Gender-Bending Shakespeare?! Twelfth Night at the National Theatre

A couple of weeks ago I went to see the National Theatre’s production of Twelfth Night in London. It’s one of my favourite Shakespeare plays – as a twin myself I’ve always been drawn to it – so I was pretty excited to see what the National would do with it (and wow, it did some very interesting stuff!).
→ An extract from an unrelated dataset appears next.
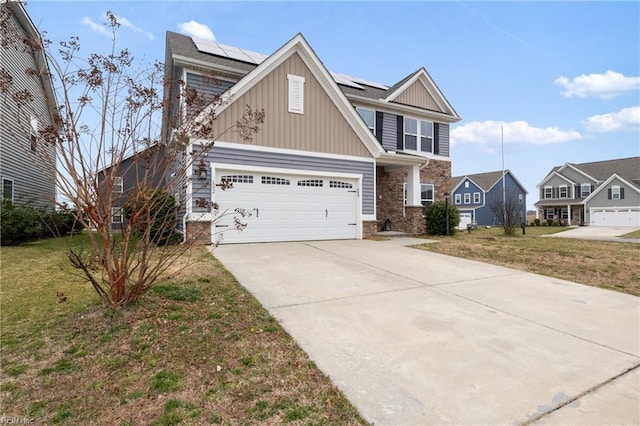 view of front facade with a front yard, solar panels, concrete driveway, stone siding, and board and batten siding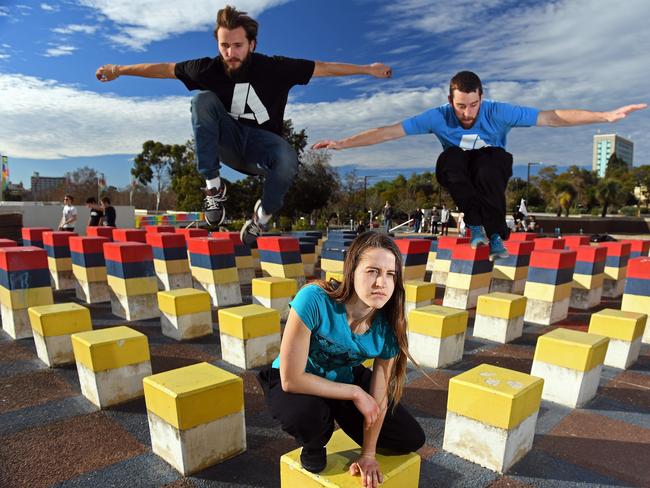 SA Parkour Association members Tony Ojay, Stephanie Bye and president Travis Ranson are upset the Hajek Plaza sculptures are going. Pic: Tom Huntley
The big selling factor for this production was the decision to change character’s genders: specifically, making Malvolio female – played by Tamsin Greig. In a play that is already fascinated with gender and sexuality, this seemed an interesting, but not foolish, decision. (Well at least, I think so, since its a part of my dissertation topic for next year!) They even changed the character’s name to ‘Malvolia’ for the female inflection, and referred to her as ‘madam’, rather than ‘sir’. Naturally this had quite a big impact on the play and production as a whole; I was especially hit with the realisation that by using a female Malvolia, it changes the humour of the play that comes from gender and sexuality confusion.

Malvolia (Tamsin Greig)

Malvolia’s belief that her mistress could be in love with her brings with it a suggestion of Olivia as not heterosexual – that she could have feelings for the ‘male’ Cesario or a female Malvolia. It was still funny nevertheless, particularly Olivia fanatically pining after (as well as physically chasing and falling over) for her unrequited lover, Cesario/Viola. I did still find the comedy reduced a bit as a result of the change in gender but I think that’s the result of my own curiosity.

Malvolio was not the only male character changed to female in this production though: Fabian, Feste, and the chorus of Olivia’s household were all female. I really liked this, as it emphasised the unwanted presence of Sir Toby and Sir Andrew, as the only men in a powerful female’s home (also yay, girl power!).


Olivia and her female gang (Phoebe Fox and co.)

As can be expected from the NT, the performances were all pretty strong. Tamsin Greig has been the focus of much of the production’s acclaim, and I agree that she was great – her contrast between the uptight lady to the exuberant and mad outcast was impressive (and all the more hilarious). However, I don’t think she was the only stand-out performance: Andrew and Toby were also brilliant. They were super funny, and I thought their characterisation, as both individuals and a double-act, suited the production perfectly.

A beautiful, modern yet timeless setting filled the stage, which was very cleverly designed to be versatile and fluid between the many changes in setting of the play – despite the relatively busy set.

Overall, I really liked this production and I’m so glad I got to see it live onstage for myself (thanks mum!).